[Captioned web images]

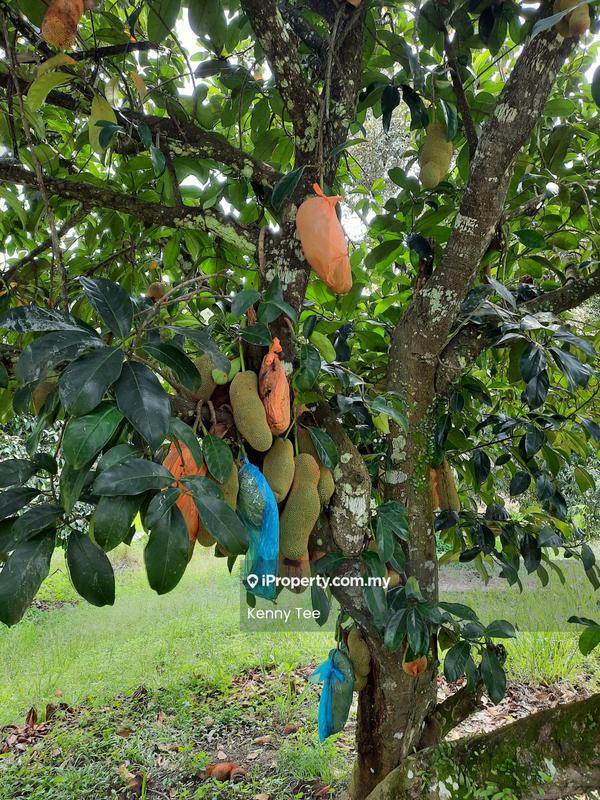 Tanah Pertanian untuk Dijual di Felda Titi, Titi oleh Kenny Tee - Garden - iProperty.com.my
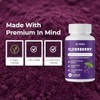 Elvera Elderberry Gut Support Complex - Organic Black Elderberry Soft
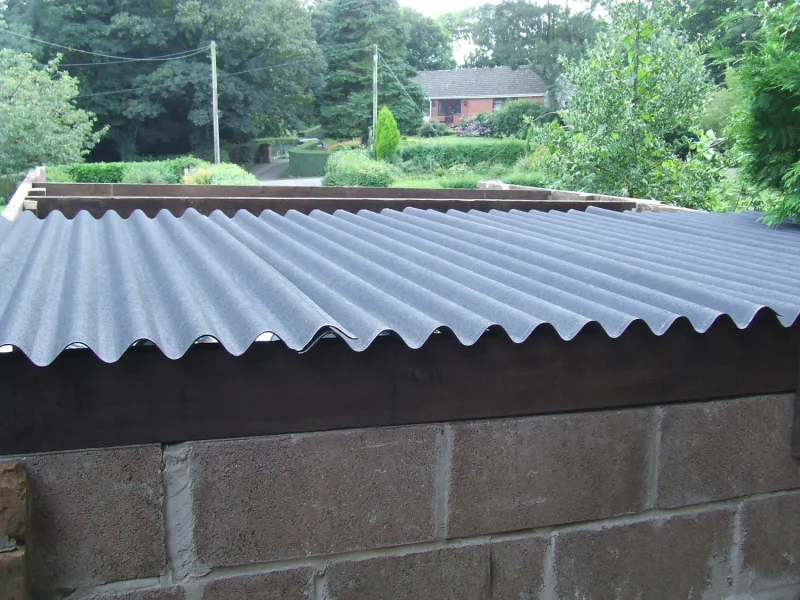 DSCF8351.webp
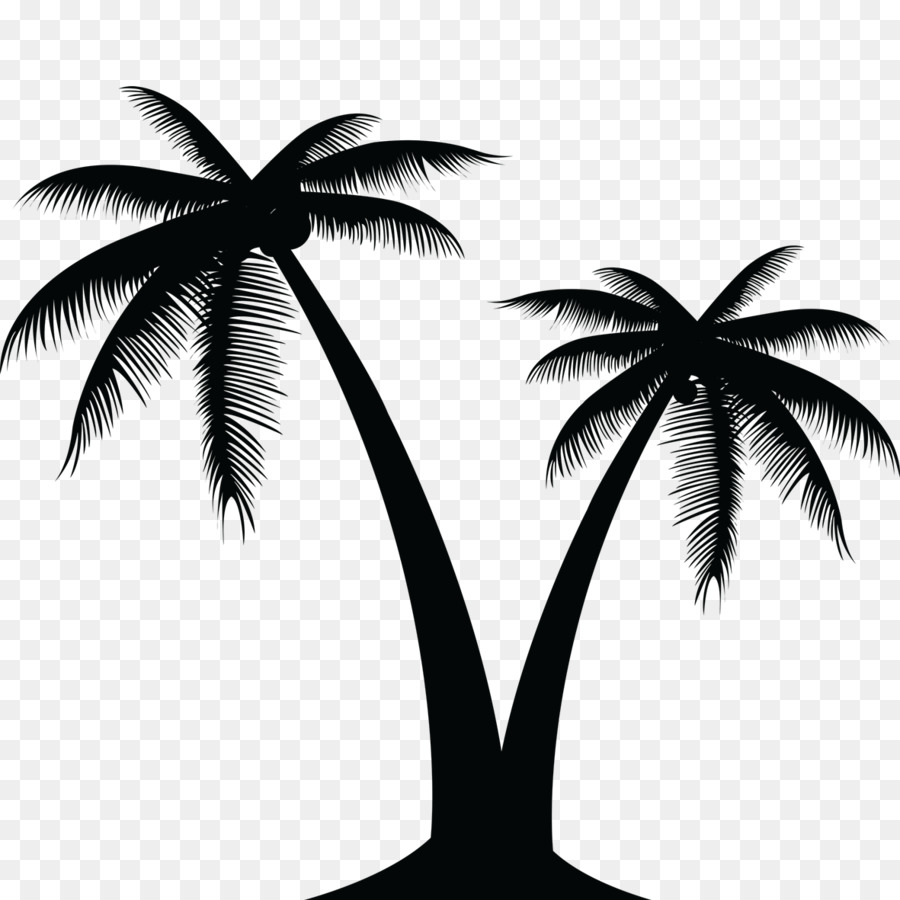 Arecaceae Tree Clip art - palm leaves png download - 1181*1181 - Free Transparent Arecaceae png Download.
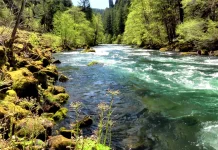 Hari Sungai Nasional, Pentingnya Menjaga Sumber Kehidupan Bersama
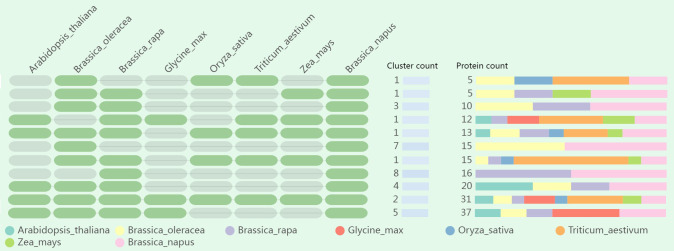 Figure 7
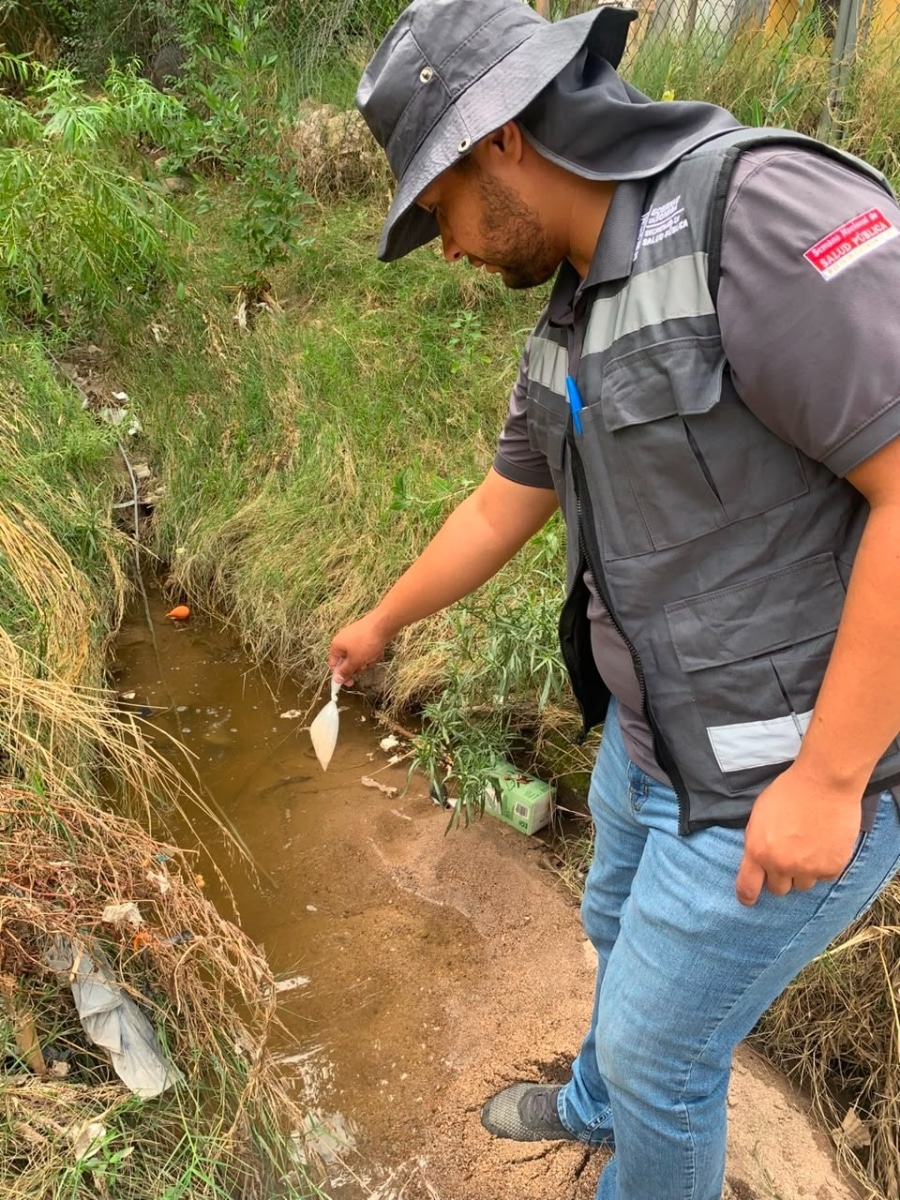 Salud Sonora exhorta a eliminar criaderos de mosquitos tras las lluvias registradas en el estado
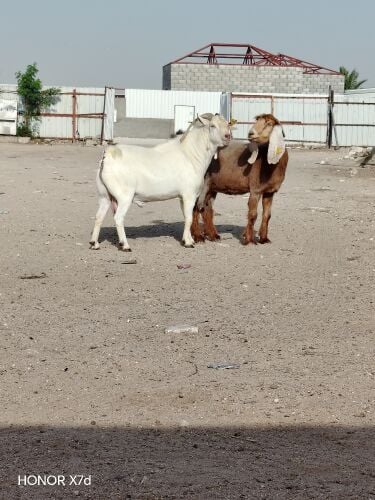 فحل عماني ابرص حار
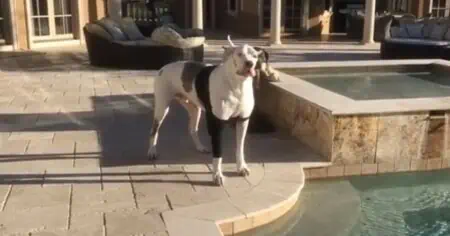 Hund bekam von Frauchen „Pool-Verbot“ – seine Oscar-reife Reaktion bringt Millionen zum Lachen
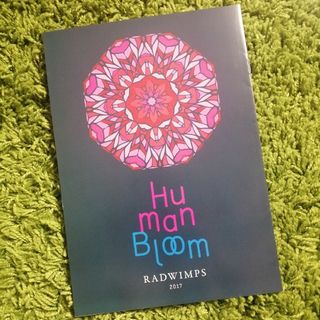 RADWIMPS 2017 LIVE ライブ 冊子 グッズ掲載 情報誌の通販 by くるり's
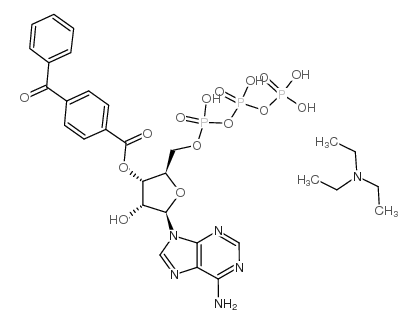 2′(3′)-O-(4-苯甲酰苯甲酰)腺苷5′-三磷酸 三乙铵盐结构式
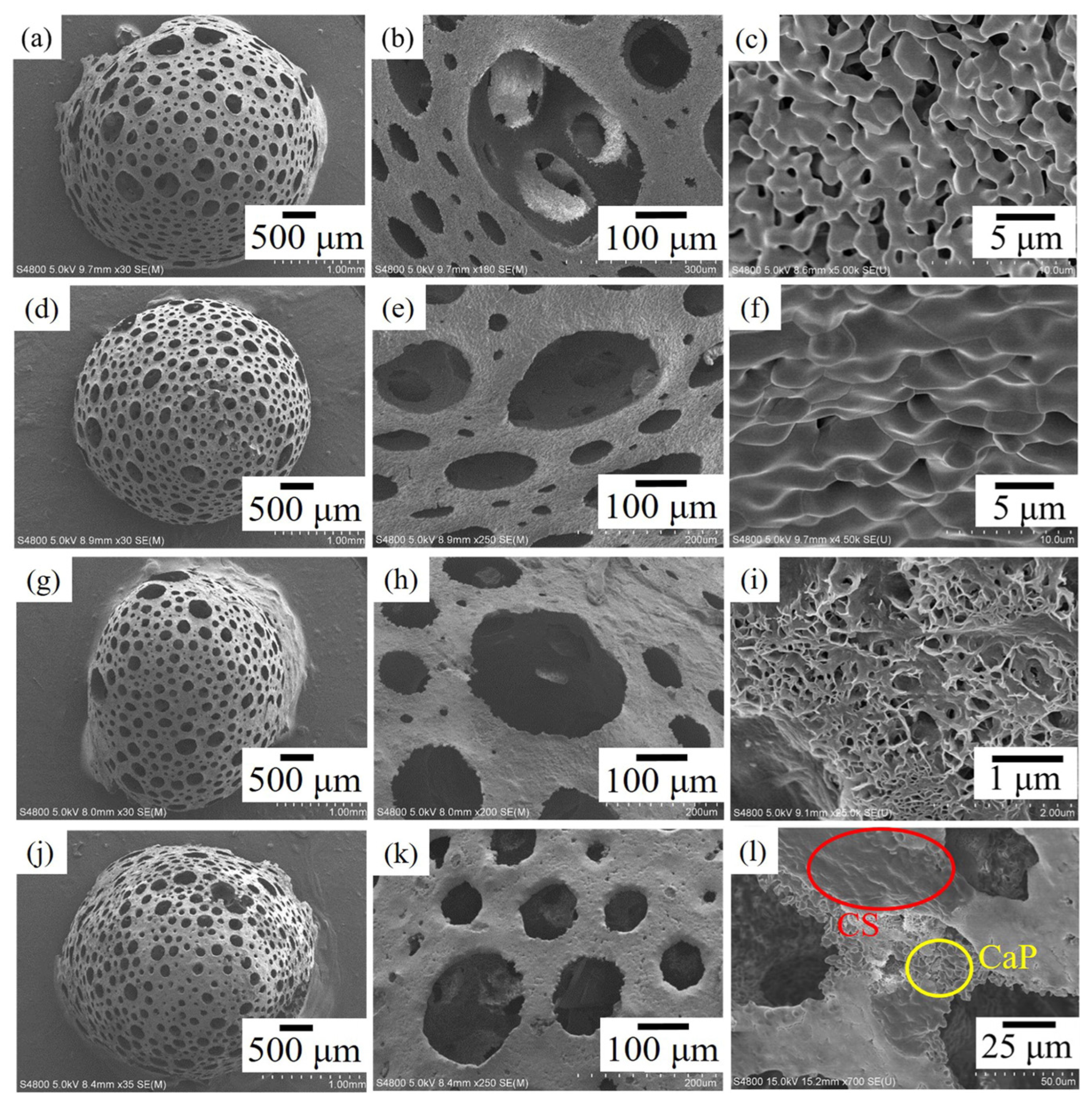 Materials 17 00843 g005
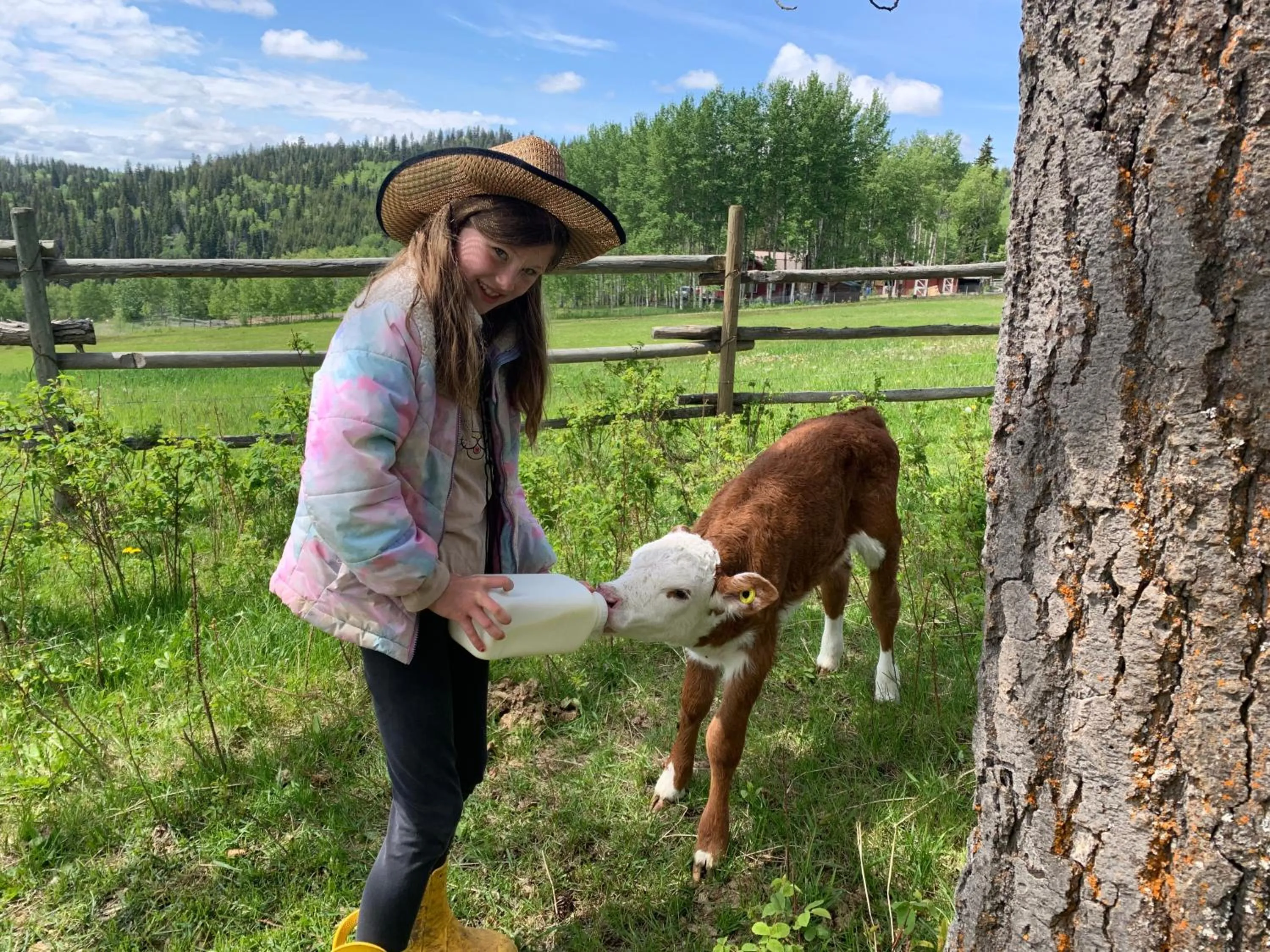 Montana Hill Guest Ranch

* **PROBLEM DETAILS**:
With the pictures omitted, copy the entries above exactly from the line containing "Arecaceae Tree Clip" through the line containing "Materials 17 00843 g005", both lines included.

* **COMPLETED TASK**:
 Arecaceae Tree Clip art - palm leaves png download - 1181*1181 - Free Transparent Arecaceae png Download.
 Hari Sungai Nasional, Pentingnya Menjaga Sumber Kehidupan Bersama
 Figure 7
 Salud Sonora exhorta a eliminar criaderos de mosquitos tras las lluvias registradas en el estado
 فحل عماني ابرص حار
 Hund bekam von Frauchen „Pool-Verbot“ – seine Oscar-reife Reaktion bringt Millionen zum Lachen
 RADWIMPS 2017 LIVE ライブ 冊子 グッズ掲載 情報誌の通販 by くるり's
 2′(3′)-O-(4-苯甲酰苯甲酰)腺苷5′-三磷酸 三乙铵盐结构式
 Materials 17 00843 g005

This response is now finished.